I'll briefly explain how some of it works in the background, but if you're not interested and just want a guide on how to make a website like this, feel free to skip to the link below.

CLICK HERE TO SKIP

What is a static site generator?

  • Static site generators (SSG) build static websites using a source directory of files and templates.
  • Or in layman's terms, an SSG takes a file like a markdown document, and generates a static website/web page from it.

So why should you use a static site and a static site generator?

Netlify has a pretty neat list that I'll try to abbreviate below:

Security:

  • By having only static HTML/CSS/JS files you're very much minimizing your attack surface compared to running a bunch of software like a CMS (e.g. WordPress, Drupal) with its own database being run in a virtual machine running some OS

  • That doesn't mean static sites don't have an attack surface at all though. They can, and do, depending on you. But by default, especially if you're a beginner, you have much better security out of the box, and I'll go through what to do to make sure it stays secure.

Speed:

  • Whenever someone visits your site, especially if you're using a CDN (more on that later), the load speeds (e.g. time-to-first-byte) will be much faster (or at worst the same) than a CMS.

  • The reason behind this is that you're giving the browser exactly what it wants (which is static HTML/CSS/JS) as soon as it requests the site, since that is actually the only stuff you have on your server and there is no need to render it into static files before serving it to the viewer.

Smaller footprint (Speed + Security + Price?):

  • A static site can be hosted on any server that can just return HTML files.
  • Which means, you don't have to find hosting that provides machines running software specific to your site (e.g.

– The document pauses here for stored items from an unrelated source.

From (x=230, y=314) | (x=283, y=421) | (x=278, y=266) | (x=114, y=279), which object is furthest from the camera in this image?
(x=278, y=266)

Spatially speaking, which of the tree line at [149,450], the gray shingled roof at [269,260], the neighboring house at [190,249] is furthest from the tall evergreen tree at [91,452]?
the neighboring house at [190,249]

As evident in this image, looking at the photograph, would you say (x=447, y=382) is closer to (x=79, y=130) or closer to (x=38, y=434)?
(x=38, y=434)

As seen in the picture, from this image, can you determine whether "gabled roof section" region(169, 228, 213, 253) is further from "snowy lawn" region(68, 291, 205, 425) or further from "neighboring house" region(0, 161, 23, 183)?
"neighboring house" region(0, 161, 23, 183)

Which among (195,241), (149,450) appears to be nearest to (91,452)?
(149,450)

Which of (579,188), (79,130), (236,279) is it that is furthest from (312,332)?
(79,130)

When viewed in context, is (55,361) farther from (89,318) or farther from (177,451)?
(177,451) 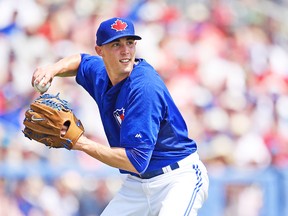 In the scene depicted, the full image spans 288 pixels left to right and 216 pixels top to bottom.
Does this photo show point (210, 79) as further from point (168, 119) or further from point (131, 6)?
point (168, 119)

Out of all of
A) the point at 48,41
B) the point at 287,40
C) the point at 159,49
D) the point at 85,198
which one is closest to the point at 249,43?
the point at 287,40

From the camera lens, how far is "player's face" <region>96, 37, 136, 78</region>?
5.00m

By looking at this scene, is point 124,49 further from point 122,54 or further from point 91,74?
point 91,74

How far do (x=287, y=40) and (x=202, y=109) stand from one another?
288 cm

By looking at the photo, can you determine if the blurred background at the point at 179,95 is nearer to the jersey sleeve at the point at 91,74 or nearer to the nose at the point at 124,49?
the jersey sleeve at the point at 91,74

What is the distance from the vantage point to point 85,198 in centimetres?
838

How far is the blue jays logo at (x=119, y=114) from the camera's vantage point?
505cm

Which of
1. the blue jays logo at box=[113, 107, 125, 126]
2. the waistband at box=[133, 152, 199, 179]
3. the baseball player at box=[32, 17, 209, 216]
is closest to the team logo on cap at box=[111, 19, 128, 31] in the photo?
the baseball player at box=[32, 17, 209, 216]

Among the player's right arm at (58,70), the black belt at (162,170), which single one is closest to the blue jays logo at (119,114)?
the black belt at (162,170)

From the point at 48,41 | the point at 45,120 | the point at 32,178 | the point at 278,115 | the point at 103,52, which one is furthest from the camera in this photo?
the point at 278,115

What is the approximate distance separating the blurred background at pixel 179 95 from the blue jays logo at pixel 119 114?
3.30 meters

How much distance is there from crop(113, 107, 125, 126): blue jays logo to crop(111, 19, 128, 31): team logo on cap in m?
0.54

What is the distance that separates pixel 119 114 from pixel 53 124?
0.53m

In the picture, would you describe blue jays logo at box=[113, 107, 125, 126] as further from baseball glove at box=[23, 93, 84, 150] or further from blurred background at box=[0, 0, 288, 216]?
blurred background at box=[0, 0, 288, 216] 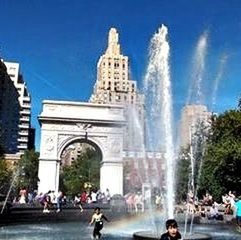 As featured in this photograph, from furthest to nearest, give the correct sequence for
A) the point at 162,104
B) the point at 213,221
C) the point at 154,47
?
the point at 213,221, the point at 154,47, the point at 162,104

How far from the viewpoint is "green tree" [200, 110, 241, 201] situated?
33.3 meters

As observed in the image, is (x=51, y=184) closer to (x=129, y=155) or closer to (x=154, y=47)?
(x=129, y=155)

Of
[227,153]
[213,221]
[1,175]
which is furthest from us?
[1,175]

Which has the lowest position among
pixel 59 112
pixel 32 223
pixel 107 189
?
pixel 32 223

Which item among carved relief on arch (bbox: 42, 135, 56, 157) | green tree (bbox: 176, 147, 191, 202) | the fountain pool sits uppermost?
carved relief on arch (bbox: 42, 135, 56, 157)

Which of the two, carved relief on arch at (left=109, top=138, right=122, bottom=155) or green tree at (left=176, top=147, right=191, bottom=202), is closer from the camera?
carved relief on arch at (left=109, top=138, right=122, bottom=155)

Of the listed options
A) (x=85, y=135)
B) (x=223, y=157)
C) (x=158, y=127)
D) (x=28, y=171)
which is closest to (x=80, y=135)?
(x=85, y=135)

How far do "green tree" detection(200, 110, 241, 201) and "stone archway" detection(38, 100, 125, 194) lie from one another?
8326mm

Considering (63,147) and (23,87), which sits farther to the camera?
(23,87)

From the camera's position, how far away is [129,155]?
1909 inches

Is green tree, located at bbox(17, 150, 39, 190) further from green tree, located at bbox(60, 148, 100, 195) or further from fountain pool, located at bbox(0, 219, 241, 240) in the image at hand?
fountain pool, located at bbox(0, 219, 241, 240)

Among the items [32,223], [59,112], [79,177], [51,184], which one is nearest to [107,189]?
[51,184]

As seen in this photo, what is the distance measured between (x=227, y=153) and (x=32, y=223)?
15.8 m

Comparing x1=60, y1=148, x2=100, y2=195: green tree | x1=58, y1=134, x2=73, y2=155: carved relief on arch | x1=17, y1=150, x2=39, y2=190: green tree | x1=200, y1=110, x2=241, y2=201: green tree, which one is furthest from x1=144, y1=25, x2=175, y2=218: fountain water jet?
x1=17, y1=150, x2=39, y2=190: green tree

PHP, MySQL, WordPress, Nginx/Apache, whatever Linux distro you'd like).
  • Which means you don't have to worry about the hosting company (or you yourself) keeping all of the software and dependencies up to date.
  • Which means that once you've set up your site, you can just focus on actually doing stuff you're interested with it (e.g. writing). It also means you'll get a lot more for a lot, lot cheaper (even free!).

Scalability

  • If you ever get to the sweet trouble of having much more visitors than you'd've expected, that won't be an issue at all if you're using a static site.
  • Scaling it up just means increasing your bandwidth with your provider, so more requests can be served, and it usually just means clicking a few buttons and paying a few bucks extra.

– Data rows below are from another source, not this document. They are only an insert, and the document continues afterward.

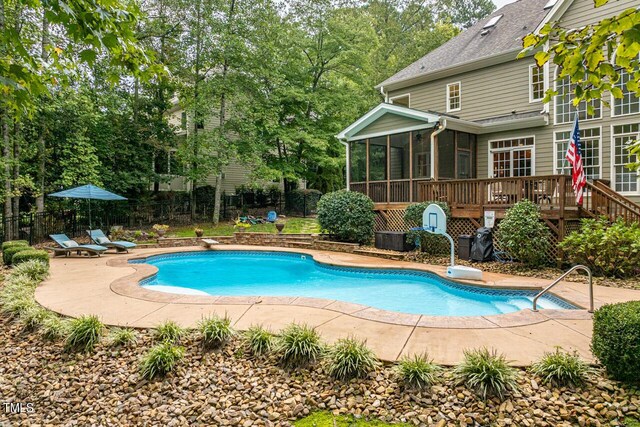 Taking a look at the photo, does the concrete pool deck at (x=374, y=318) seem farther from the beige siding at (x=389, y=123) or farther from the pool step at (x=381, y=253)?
the beige siding at (x=389, y=123)

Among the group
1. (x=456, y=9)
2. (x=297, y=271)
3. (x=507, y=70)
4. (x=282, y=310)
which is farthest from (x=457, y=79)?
(x=456, y=9)

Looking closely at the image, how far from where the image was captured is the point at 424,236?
38.1 ft

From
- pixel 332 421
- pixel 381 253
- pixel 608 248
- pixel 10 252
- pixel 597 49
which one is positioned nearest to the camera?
pixel 597 49

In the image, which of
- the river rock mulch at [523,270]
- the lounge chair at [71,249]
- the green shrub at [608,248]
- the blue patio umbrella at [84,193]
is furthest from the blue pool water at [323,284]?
the blue patio umbrella at [84,193]

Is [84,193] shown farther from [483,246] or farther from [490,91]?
[490,91]

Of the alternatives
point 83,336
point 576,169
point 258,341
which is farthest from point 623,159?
point 83,336

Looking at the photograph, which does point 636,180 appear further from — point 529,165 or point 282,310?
point 282,310

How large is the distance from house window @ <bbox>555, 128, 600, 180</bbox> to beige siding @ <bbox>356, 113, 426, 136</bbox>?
4.59m

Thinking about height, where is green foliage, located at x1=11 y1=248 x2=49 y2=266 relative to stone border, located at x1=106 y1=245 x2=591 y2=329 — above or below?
above

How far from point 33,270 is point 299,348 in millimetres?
7351

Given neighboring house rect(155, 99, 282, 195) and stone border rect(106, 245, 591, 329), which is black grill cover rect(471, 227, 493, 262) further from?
neighboring house rect(155, 99, 282, 195)

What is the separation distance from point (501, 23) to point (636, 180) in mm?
9448

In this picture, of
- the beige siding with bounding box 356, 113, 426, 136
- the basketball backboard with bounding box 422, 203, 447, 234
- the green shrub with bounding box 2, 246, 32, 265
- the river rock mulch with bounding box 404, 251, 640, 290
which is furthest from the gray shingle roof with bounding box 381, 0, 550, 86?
the green shrub with bounding box 2, 246, 32, 265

What static site generator to use?

There sure is a bunch of them. And there are quite a few good ones. You can see a list of them here, but I'd recommend going with Hugo. It has a friendly, active community that will help you out and it is really well developed, fast and as secure as it gets. But you can use any other generator you'd like, the process is mostly the same and is just as straightforward for other SSGs.)